Das sieht der mittlerweile im Exil lebende Autor Faradj Sarkuhi anders. Er machte das direkt dem Präsidenten Khatami unterstehende Informationsministerium für die Morde an Mochtari und Scharif verantwortlich. Khatami habe, so zitierte ihn der Tagesspiegel in seiner Ausgabe vom 11. Dezember, "Angst bekommen angesichts der weitreichenden Forderungen der Öffentlichkeit nach Demokratie und Freiheit, die er mit seinem Aufruf zur Öffnung des Systems ausgelöst hatte". Der Präsident wolle Reformen nur innerhalb eines islamischen Systems; keinesfalls wolle er der "Gorbatschow des Iran" werden - sondern versuche nun, die Menschen zum Schweigen zu bringen.

Einen direkten Zusammenhang habe Sarkuhi, so der Tagesspiegel weiter, zwischen den Morden und einer Rede Khatamis vor mittlerweile gut drei Wochen hergestellt. In dieser habe der Präsident ausdrücklich nur eine islamische Demokratie zugelassen und alle laizistischen Bestrebungen scharf angeprangert.

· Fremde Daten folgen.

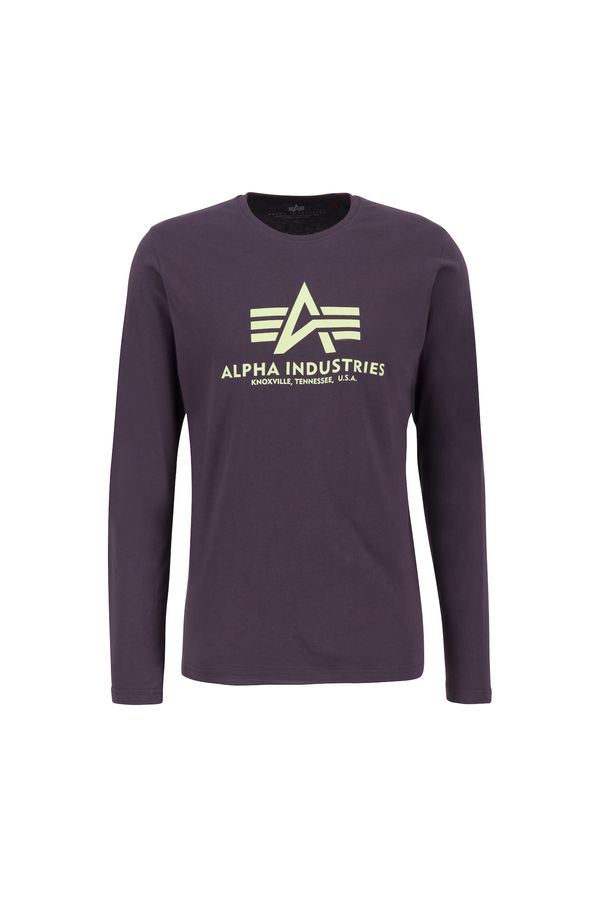 ALPHA INDUSTRIES ALPHA INDUSTRIES Majica  zelena / ljubičasta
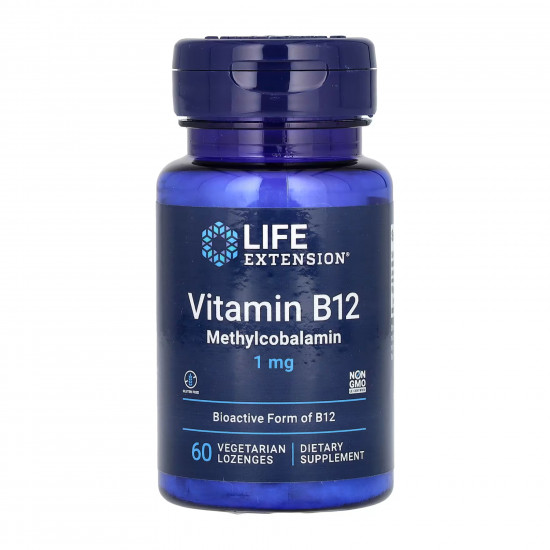 Life Extension Vitamin B12 Methylcobalamin 1 mg - 60 vcaps 2022-10-1891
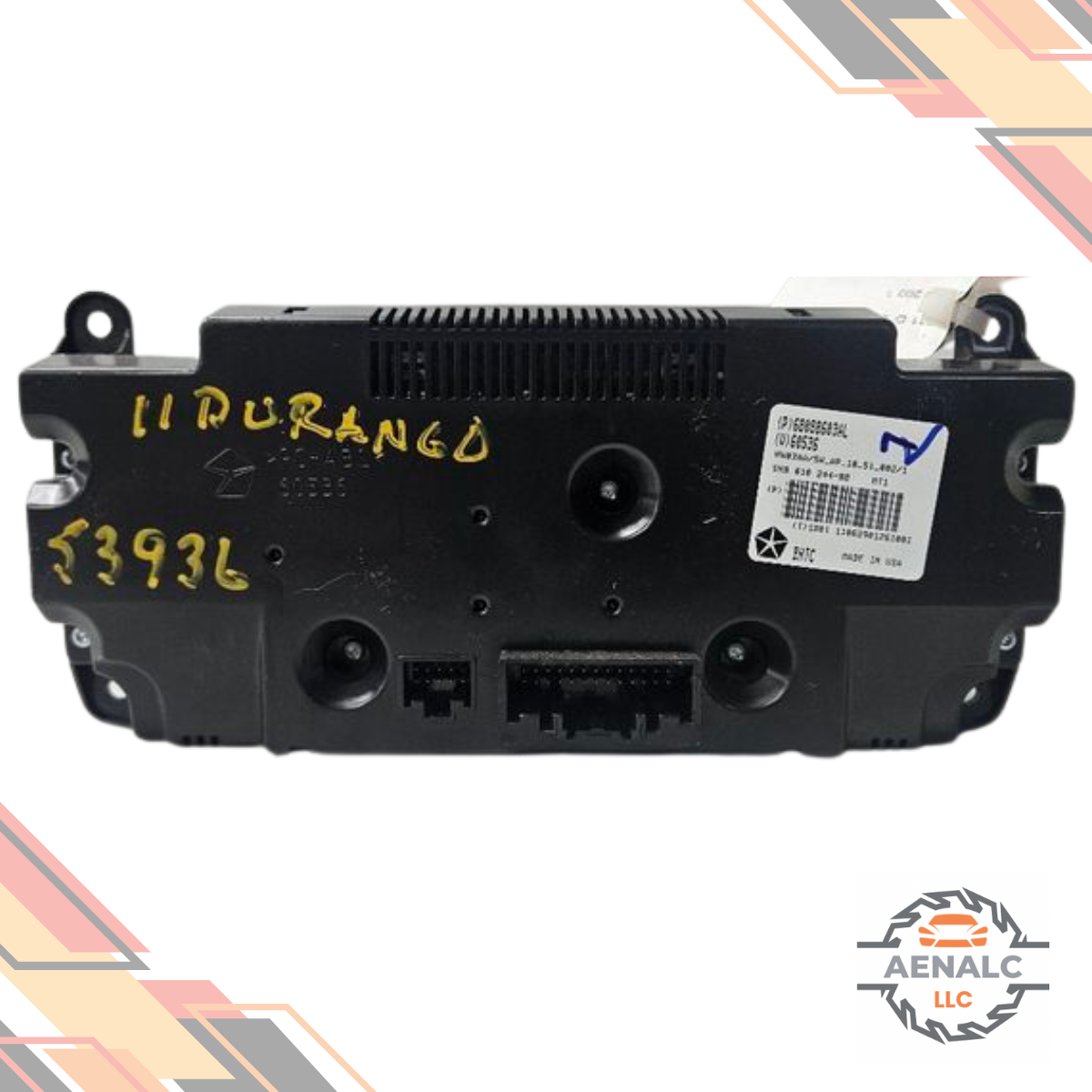 2011–2013 Dodge Durango Auto AC Heater Climate Temperature Control Panel — view 2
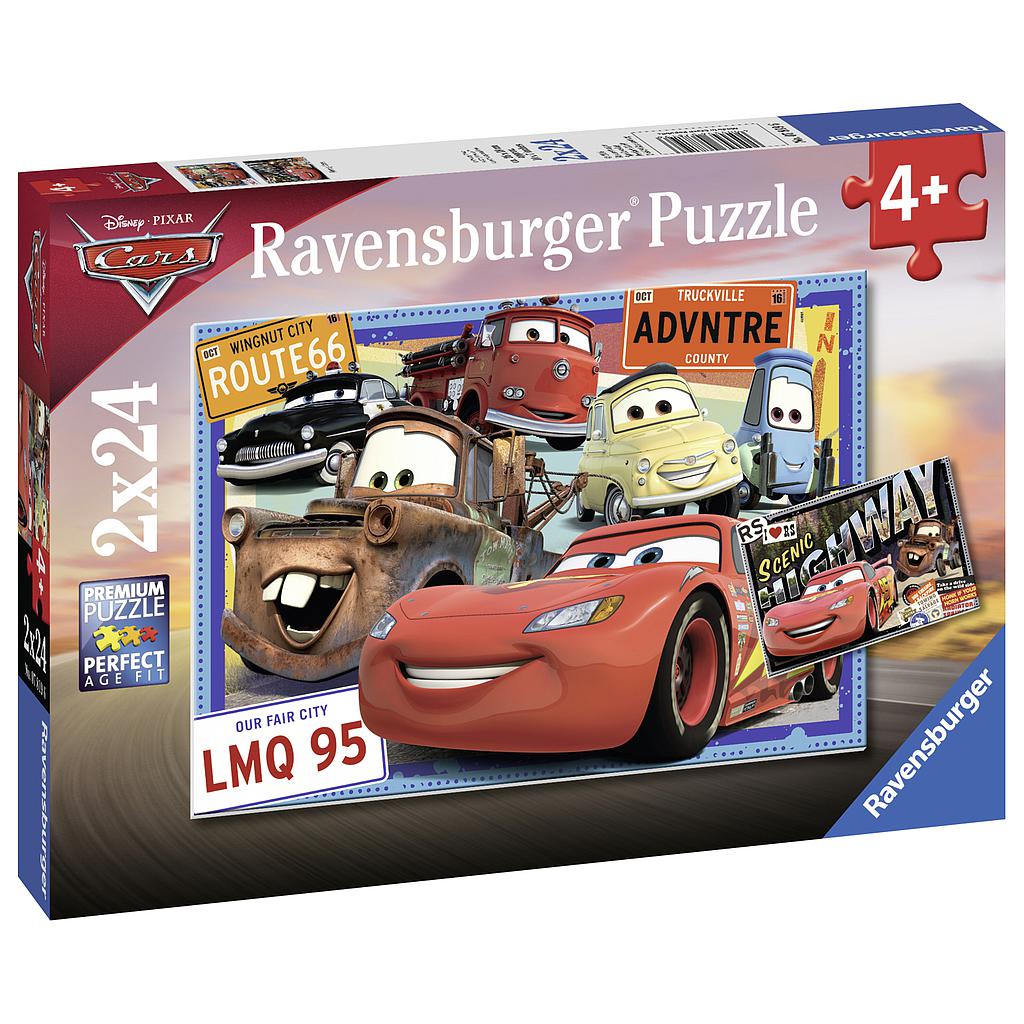 Ravensburger Puzzle 2x24 pc Disney Two Cars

Aber nicht nur Intellektuelle sind in Iran mörderischer Verfolgung ausgesetzt. Im Juli wurde Ruhollah Rohani, Angehöriger der Bahai-Religionsgemeinschaft, hingerichtet. Die Bahai beanspruchen die Zugehörigkeit zu einer post-islamischen Weltreligion und werden daher in allen islamistischen Gesellschaften streng verfolgt. Ab September steigerten sich die repressiven Maßnahmen noch: Gegen zwei Häftlinge wurde die Todesstrafe bestätigt, Anfang Oktober nahmen iranische Beamte in 14 Städten außerdem 36 Dozenten einer privaten Bahai-Hochschule fest. Diese hatten Fernstudien mit kanadischen Universitäten organisiert, weil nach iranischen Gesetzen Bahai keine höheren Schulen und Universitäten besuchen dürfen. In landesweit über 500 Privatwohnungen beschlagnahmten die Behörden Einrichtungsgegenstände und Lehrmittel sowie Computer, Laborgeräte und Literatur.